Epidemiological, Clinical, Laboratorial and CT Imaging Features of Hospitalized Patients with Initially Negative Detection of SARS-CoV-2 in China

Introduction

The novel coronavirus disease (COVID-19) has spread rapidly and raised worldwide concern as an increasing global health burden. The pathogen of COVID-19 was identified as a novel beta-coronavirus named severe acute respiratory syndrome coronavirus-2 (SARS-CoV-2) later. Whole genome sequencing analysis as well as phylogenetic analysis revealed that SARS-CoV-2 differed from two notorious family members, Middle East respiratory syndrome coronavirus (MERS-CoV) and severe acute respiratory syndrome coronavirus (SARS-CoV).¹ The genome SARS-CoV showed high identity with Bat-Cov, which indicated that bats may be the reservoir host for SARS-CoV and a recent report suggested that Malayan pangolins had the potential to act intermediate host of SARS-CoV as it highly related amino acid identity in the E, M, N and S genes.^2,3 Screening of the pathogen by nucleic acid testing like real time polymerase chain reaction (RT-PCR) is an essential diagnostic standard of COVID-19. Angiotensin-converting enzyme 2 (ACE-2), a receptor widely present in respiratory as well as gastrointestinal tract, mainly mediates the entry of SARS-CoV-2 into human cells, and consequently upper or lower respiratory samples like nasal swab or throat swab as well as gastrointestinal like fecal swab or stool are the major type of testing.⁴ However, in the early stage of COVID-19, load of SARS-CoV-2 from respiratory or gastrointestinal system may be lower than detection limit. It has been reported that nearly 10% (10/102) RT-PCR was negative initially.⁵ Therefore, a proportion of the COVID-19 patients whose primary screening of SARS-CoV-2 nucleic acid showed negative but confirmed later. It’s important to recognize the patient as early as possible to avoid transmitting virus. It is necessary to know about the specific information including the general epidemiology, clinical characteristics, laboratory finding and computed tomography (CT) imaging features about them. Herein, we present nine patients whose SARS-CoV-2 nucleic acid detection was negative initially but converted later and our aim is to achieve a better understanding of the COVID-19 virus.

Method

Study Design and Participants

Our study was conducted in accordance with the Declaration of Helsinki and was approved by the Research Ethics Committee of the Fifth Affiliated Hospital of Sun Yat-sen University (Ethics approval number K30-1). Written informed consent for this retrospective study was waived by our institutional review board because of no potential risk to patients. Anonymous data was collected and analyzed by researchers who had no available link to the patients.

Data Collection

We screened 98 confirmed cases admitted to The Fifth Affiliated Hospital of Sun Yat-sen University, one of the biggest tertiary hospital serving for millions people in Guangdong Province from 18th January to 26th February, 2020. All of them were identified with positive results by RT-PCR from Chinese Center for Disease Control and Prevention (CDC) recommended Kit (BioGerm, Shanghai, China), following WHO guidelines. Samples were from the upper respiratory tract, such as a throat or nasal swab, as well as gastrointestinal, such as a fecal swab or stool sample. Only the patients who provided a negative nucleic acid test initially, but tested positive later, were taken into consideration.
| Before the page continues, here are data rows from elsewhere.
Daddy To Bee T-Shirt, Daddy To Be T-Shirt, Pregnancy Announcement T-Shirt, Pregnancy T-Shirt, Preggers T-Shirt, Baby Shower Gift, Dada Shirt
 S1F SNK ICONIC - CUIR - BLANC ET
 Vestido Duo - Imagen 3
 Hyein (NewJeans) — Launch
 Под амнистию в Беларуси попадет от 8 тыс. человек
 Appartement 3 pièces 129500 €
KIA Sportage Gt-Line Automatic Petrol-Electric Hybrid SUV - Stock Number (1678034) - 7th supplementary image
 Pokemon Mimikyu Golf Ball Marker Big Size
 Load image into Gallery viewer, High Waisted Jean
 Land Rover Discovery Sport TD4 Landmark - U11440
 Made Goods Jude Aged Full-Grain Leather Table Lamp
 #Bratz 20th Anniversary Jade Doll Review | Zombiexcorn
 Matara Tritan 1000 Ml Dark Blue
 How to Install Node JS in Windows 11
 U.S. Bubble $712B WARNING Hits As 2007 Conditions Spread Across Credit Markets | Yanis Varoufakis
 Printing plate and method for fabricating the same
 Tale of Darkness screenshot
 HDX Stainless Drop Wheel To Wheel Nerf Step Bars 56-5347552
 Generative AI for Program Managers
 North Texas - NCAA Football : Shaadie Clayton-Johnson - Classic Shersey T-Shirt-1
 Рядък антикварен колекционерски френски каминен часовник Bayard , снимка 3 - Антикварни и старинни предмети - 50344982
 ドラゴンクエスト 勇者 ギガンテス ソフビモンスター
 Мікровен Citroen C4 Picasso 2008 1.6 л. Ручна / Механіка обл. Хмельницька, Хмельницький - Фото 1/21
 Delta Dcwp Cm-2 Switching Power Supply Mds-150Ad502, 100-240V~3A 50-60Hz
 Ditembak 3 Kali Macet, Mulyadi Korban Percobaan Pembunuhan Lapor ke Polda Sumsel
We carried out a retrospective review of their clinical records, laboratory testing and chest CT scans at three time points according to the result of RT-PCR of throat or nasal swab, which including negative detection (stage 1), firstly positive detection (stage 2) and negative converting (stage 3). The clinical records were reviewed by two respiratory professors, including medical history, smoking history, exposure history, duration of symptoms, oxygen therapy. Two investigators independently recorded the laboratory finding, including white blood cell count, neutrophil count, lymphocyte count, eosinophil count, C-reactive protein (CRP), alanine aminotransferase (ALT), aspartate aminotransferase (AST), lactate, serum albumin (ALB), seroglobulin (GLB), serum creatinine, creatine kinase and partial arterial oxygen pressure (PaO₂). In addition, the number of days between symptomology onset and the date of first negative as well as positive detection was tracked. CT images were described by two experienced specialists independently, and were evaluated including ground glass opacity (GGO), crazy-paving pattern, consolidation, pleural effusion and absorbed according to Fleischner Society glossary and peer-reviewed literature about viral pneumonia.⁶ The distribution of lung lobes involved was described as sub pleural, central, random or diffuse. The Mulbsta Score was also used as routine evaluation.⁷

Statistical Analysis

Statistical analysis was performed using SPSS (version 20; IBM, New York, USA). Quantitative variables were presented as mean±standard deviation and the categorical variables were expressed as the percentage of the whole (%).

Result

Baseline Data

Of nearly 100 confirmed cases screened, only 4 males and 5 females met the standard and were assessed in this study. The age range was from 1 to 64 years (33.22±18.14). No smokers were found. One of them had the history of hypertension and three of them had the history of chronically gastrointestinal diseases. A young woman has a history of eczema. Nobody had an underlying history of cancer or diabetes. Seven of them had travelled to Wuhan city and five of them had exposure to the COVID-19 patients. One young man had not stayed in Wuhan or had contact with the infectious. The average days between the symptom onset and an initially positive RT-PCR detection 6.22 (range from 2 to 10) while the negative result is 2.44 (range from 1 to 7). Range of the positive results’ duration from upper respiratory sample was 1 to 20 (5.56±6.06). Mean value of the fecal swab or stool was longer (6.56) (Table 1). Three patients’ stool still indicated a positive state (Figure 1).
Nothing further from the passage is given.